▶ [ACTIVITY]
Going line by line through the records below, count those containing the word "Women", then give only the count.

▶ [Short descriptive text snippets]
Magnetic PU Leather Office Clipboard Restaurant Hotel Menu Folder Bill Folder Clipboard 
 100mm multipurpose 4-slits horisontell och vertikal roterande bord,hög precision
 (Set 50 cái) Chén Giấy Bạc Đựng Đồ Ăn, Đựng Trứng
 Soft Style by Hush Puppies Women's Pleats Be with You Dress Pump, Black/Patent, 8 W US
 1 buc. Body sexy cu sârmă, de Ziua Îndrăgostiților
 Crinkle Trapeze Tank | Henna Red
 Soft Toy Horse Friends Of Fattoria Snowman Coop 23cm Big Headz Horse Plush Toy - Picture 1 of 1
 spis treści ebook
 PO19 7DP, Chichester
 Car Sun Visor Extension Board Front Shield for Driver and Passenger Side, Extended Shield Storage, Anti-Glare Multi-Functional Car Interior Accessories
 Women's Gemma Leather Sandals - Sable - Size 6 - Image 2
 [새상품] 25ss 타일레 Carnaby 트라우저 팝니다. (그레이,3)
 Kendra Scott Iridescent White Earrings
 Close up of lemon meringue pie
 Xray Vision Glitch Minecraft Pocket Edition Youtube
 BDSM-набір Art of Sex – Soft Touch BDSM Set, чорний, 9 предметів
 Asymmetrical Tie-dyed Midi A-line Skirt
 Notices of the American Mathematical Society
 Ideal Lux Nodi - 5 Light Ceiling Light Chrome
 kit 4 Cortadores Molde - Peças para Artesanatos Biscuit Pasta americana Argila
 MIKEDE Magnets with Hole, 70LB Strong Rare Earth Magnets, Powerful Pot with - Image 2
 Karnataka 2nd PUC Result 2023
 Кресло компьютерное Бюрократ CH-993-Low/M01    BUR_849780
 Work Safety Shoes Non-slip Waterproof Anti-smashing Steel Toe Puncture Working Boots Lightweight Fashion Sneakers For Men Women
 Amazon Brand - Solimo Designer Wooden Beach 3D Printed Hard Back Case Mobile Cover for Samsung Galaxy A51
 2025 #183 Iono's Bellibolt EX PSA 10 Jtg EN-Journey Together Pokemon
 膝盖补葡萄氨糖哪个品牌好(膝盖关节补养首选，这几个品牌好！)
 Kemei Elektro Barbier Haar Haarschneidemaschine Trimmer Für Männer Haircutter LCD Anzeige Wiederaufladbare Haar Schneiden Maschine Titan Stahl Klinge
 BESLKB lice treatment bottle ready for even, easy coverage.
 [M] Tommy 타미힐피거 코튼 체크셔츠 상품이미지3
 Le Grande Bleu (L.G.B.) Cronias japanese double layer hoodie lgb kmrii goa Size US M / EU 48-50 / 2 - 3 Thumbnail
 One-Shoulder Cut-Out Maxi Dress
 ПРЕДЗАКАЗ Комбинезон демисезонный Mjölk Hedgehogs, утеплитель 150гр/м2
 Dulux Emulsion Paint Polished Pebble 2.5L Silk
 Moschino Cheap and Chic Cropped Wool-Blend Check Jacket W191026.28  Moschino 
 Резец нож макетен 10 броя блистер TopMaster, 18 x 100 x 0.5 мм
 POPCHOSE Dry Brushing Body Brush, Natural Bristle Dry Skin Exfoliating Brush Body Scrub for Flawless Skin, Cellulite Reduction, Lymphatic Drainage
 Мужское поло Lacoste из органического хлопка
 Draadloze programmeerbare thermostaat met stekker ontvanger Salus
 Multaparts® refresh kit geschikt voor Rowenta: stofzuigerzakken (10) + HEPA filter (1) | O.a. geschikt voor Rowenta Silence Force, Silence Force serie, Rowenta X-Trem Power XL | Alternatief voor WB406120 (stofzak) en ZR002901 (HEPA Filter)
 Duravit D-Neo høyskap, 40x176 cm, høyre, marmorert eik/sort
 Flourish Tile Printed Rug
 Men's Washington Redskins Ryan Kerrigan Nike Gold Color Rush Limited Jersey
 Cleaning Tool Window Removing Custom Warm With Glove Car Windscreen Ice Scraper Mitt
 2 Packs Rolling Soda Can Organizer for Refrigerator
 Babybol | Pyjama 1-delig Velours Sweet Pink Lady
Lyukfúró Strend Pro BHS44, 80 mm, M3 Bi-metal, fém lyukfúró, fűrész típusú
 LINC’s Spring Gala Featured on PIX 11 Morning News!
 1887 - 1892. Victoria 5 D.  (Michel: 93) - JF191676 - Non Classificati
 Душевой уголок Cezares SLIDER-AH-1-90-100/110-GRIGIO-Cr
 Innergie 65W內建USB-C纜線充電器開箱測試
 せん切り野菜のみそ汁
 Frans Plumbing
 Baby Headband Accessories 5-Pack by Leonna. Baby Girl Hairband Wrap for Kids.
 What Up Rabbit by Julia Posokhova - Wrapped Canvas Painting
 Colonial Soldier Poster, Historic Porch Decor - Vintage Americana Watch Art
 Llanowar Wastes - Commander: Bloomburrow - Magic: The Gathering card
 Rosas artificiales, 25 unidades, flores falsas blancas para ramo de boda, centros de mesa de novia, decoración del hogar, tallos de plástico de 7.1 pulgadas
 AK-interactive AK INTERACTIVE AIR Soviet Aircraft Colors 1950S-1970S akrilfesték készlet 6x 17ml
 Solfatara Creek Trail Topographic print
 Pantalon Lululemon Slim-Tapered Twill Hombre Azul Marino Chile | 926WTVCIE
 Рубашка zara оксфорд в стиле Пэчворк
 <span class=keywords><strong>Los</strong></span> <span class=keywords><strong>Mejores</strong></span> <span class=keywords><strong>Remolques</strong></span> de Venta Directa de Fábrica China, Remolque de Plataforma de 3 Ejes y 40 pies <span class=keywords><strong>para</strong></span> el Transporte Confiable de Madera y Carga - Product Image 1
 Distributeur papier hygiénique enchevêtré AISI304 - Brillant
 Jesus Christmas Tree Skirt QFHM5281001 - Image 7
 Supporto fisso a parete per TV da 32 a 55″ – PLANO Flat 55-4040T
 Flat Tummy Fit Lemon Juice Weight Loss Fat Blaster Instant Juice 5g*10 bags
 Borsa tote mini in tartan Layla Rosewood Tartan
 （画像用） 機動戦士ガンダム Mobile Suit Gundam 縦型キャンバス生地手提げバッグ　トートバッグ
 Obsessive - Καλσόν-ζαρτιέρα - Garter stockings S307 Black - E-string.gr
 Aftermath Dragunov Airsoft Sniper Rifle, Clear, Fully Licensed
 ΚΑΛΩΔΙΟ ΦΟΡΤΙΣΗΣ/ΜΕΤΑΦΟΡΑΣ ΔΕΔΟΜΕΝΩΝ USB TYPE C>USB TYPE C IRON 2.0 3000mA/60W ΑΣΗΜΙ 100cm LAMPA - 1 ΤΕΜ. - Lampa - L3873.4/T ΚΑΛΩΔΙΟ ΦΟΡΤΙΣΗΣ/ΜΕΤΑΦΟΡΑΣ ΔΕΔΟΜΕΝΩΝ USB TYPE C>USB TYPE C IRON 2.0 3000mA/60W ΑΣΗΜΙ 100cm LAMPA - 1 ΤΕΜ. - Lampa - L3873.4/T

▶ [WRITTEN SOLUTION]
3